● Input for this task:
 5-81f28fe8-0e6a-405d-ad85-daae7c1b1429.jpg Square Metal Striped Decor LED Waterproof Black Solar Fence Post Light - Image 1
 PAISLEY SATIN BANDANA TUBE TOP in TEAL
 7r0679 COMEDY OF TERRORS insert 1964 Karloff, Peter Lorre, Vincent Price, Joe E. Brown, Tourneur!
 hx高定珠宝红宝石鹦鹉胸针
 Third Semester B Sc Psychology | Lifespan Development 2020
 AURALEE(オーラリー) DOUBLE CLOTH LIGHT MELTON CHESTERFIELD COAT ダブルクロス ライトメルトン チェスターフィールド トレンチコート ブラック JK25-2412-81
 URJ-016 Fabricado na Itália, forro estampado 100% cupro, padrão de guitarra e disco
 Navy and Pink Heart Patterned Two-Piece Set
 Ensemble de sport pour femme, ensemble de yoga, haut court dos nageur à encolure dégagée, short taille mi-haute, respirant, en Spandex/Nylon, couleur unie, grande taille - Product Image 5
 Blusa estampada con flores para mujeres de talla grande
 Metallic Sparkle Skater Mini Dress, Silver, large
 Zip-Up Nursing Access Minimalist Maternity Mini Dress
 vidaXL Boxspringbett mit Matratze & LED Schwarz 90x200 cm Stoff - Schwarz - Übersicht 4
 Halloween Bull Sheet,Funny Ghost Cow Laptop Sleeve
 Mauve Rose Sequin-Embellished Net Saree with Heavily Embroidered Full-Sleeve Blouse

● What is required: From where "vidaXL Boxspringbett mit" appears to the last line of the listing above, please write out every line exactly; leave out the rest.

● Worked solution:
 vidaXL Boxspringbett mit Matratze & LED Schwarz 90x200 cm Stoff - Schwarz - Übersicht 4
 Halloween Bull Sheet,Funny Ghost Cow Laptop Sleeve
 Mauve Rose Sequin-Embellished Net Saree with Heavily Embroidered Full-Sleeve Blouse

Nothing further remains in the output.